--- Provided data Enclosed Below ---
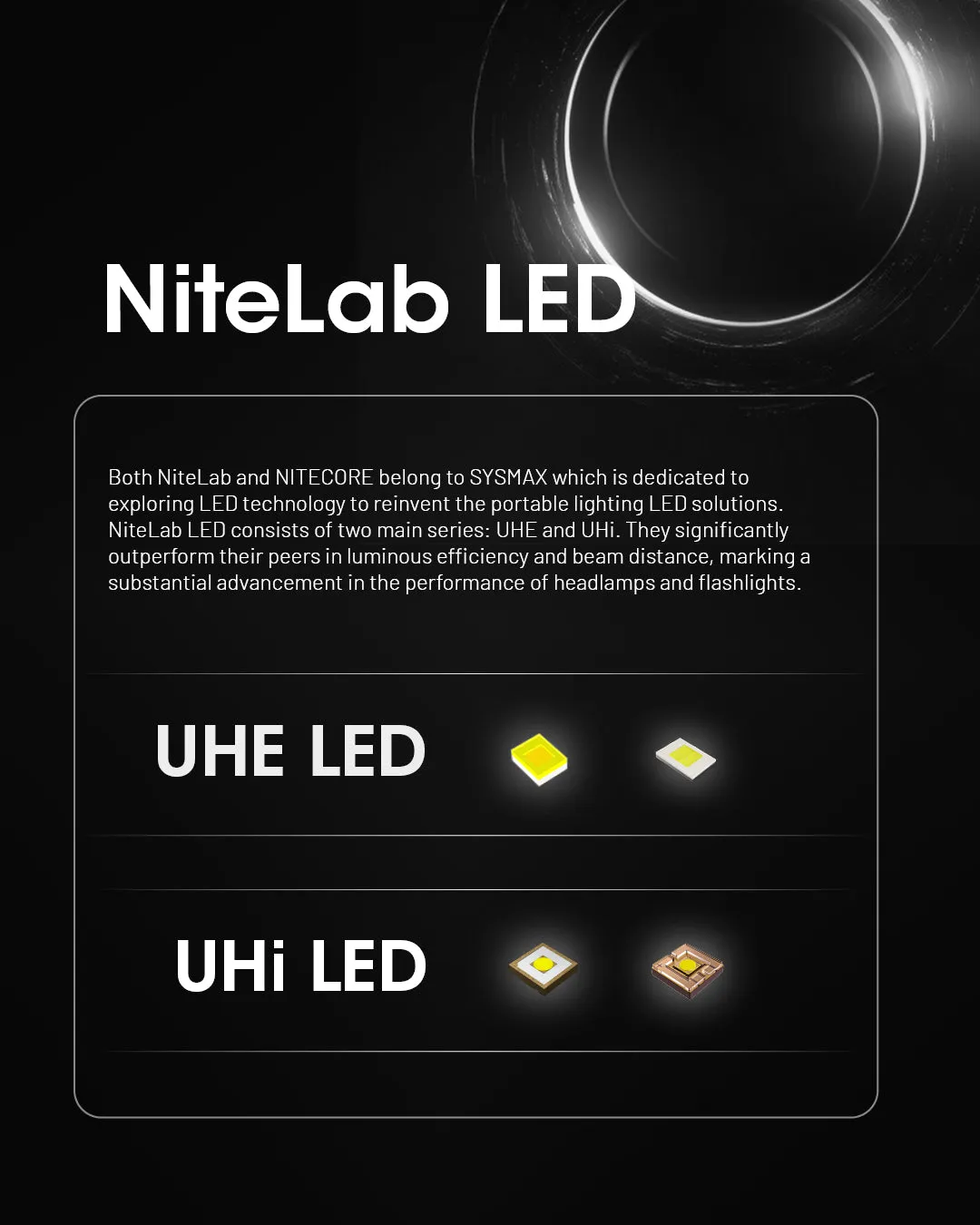 NU53  - 1800 lumens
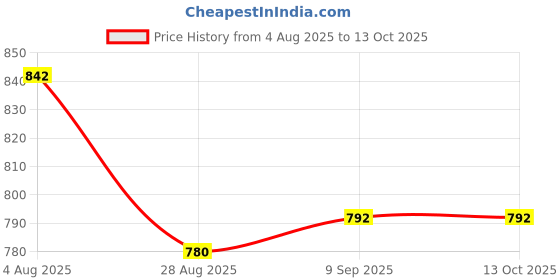 myntra.com FEATHER LINE White Non-Wired Non Padded Cut & Sew Everyday Bra feather line Price History Graph from 4 Aug 2025 to 13 Oct 2025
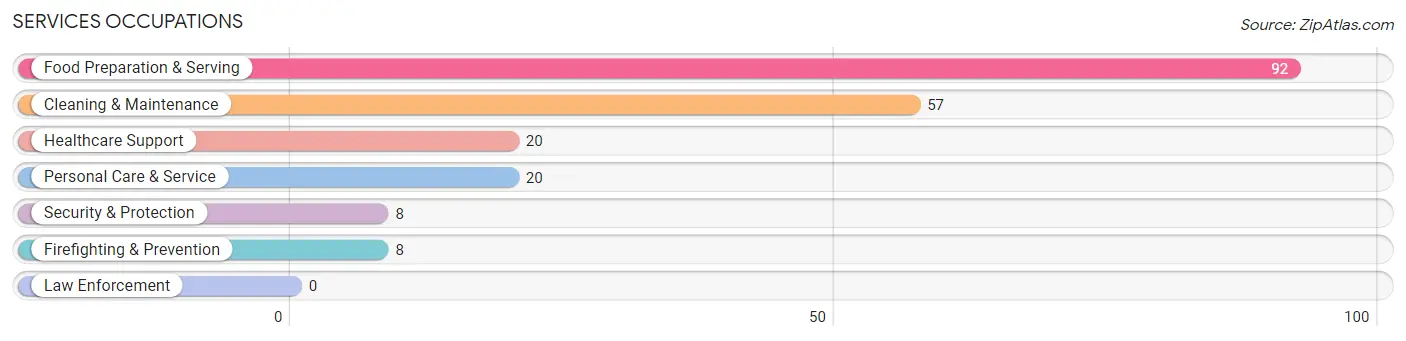 Services Occupations in Hartford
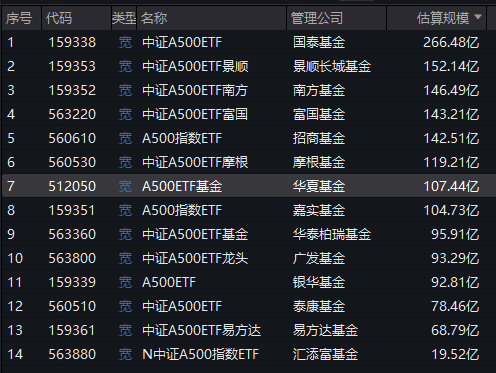 国泰基金A500优势再次被华夏基金超越！华夏A500ETF上市6天规模超百亿，此前国泰基金A500ETF突破百亿用了7天-第3张图片-静柔生活网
--- End of Enclosed Provided data ---
Work task:
With the pictures removed, set down every line of the listing above exactly.

Exercise answer:
 NU53  - 1800 lumens
 myntra.com FEATHER LINE White Non-Wired Non Padded Cut & Sew Everyday Bra feather line Price History Graph from 4 Aug 2025 to 13 Oct 2025
 Services Occupations in Hartford
 国泰基金A500优势再次被华夏基金超越！华夏A500ETF上市6天规模超百亿，此前国泰基金A500ETF突破百亿用了7天-第3张图片-静柔生活网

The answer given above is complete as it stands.